TASK INPUTS
"""
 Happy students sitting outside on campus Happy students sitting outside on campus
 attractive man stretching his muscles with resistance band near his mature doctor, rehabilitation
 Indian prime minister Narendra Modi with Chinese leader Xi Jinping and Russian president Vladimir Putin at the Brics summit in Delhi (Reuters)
"""
"""
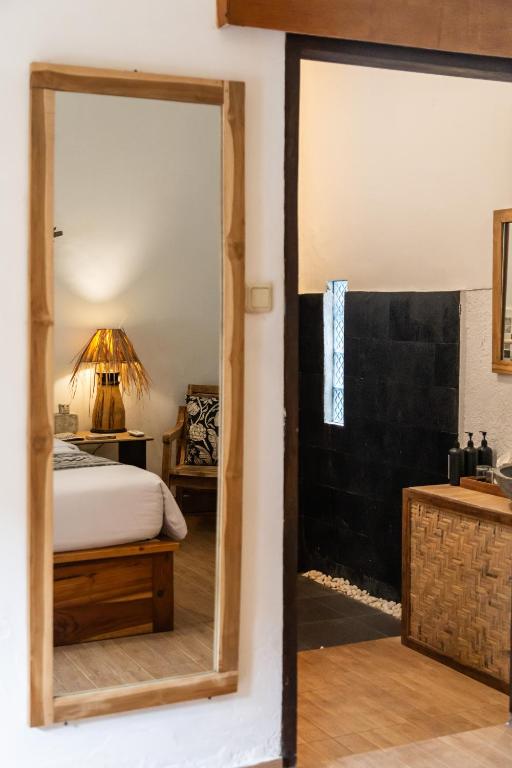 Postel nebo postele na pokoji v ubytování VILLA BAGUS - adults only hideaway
"""
WHAT YOU ARE ASKED TO DO
Could you restate word for word the lines above, from the one that contains "Happy students sitting outside on campus Happy" through the one that contains "Indian prime minister", and no others?

PROBLEM SOLUTION
 Happy students sitting outside on campus Happy students sitting outside on campus
 attractive man stretching his muscles with resistance band near his mature doctor, rehabilitation
 Indian prime minister Narendra Modi with Chinese leader Xi Jinping and Russian president Vladimir Putin at the Brics summit in Delhi (Reuters)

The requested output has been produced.